§ The data:
● ● ● ● ● ● ●
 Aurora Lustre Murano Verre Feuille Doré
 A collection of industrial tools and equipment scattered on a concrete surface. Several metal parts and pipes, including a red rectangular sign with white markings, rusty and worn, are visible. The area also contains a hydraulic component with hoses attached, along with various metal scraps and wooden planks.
● ● ● ● ● ● ●
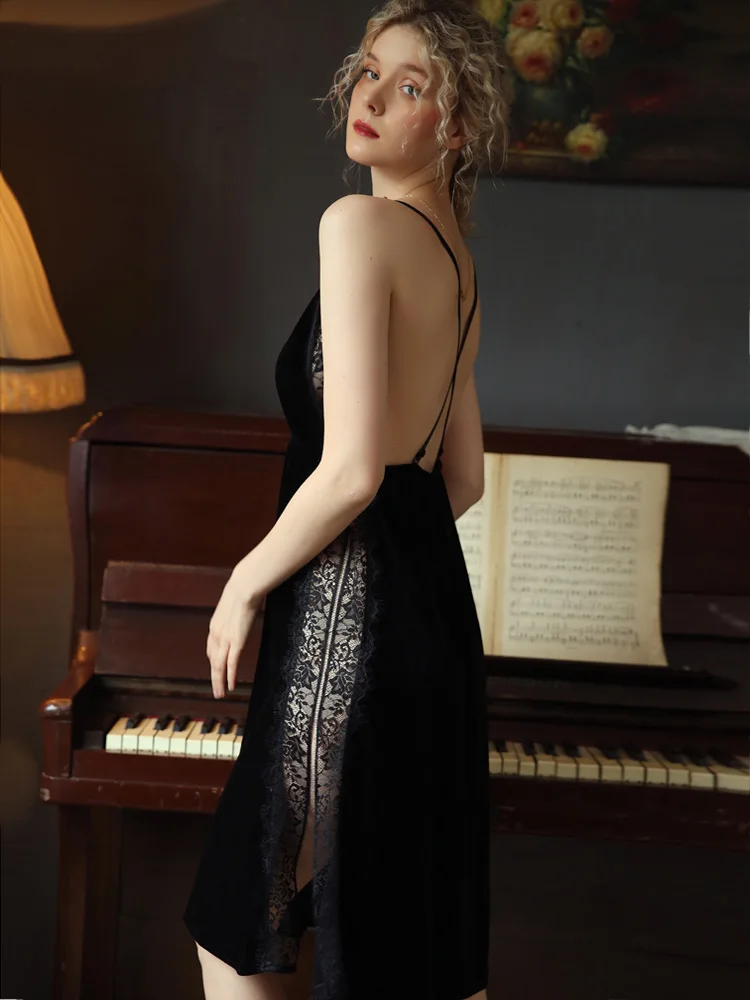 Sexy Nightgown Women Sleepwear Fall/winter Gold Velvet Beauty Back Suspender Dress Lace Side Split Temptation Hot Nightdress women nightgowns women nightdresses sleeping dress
● ● ● ● ● ● ●
§ Problem: Using only the entries above, output the line with "Aurora Lustre Murano Verre Feuille Doré", the line with "A collection of", and all lines between them, exactly as they stand.

§ Exercise solution:
 Aurora Lustre Murano Verre Feuille Doré
 A collection of industrial tools and equipment scattered on a concrete surface. Several metal parts and pipes, including a red rectangular sign with white markings, rusty and worn, are visible. The area also contains a hydraulic component with hoses attached, along with various metal scraps and wooden planks.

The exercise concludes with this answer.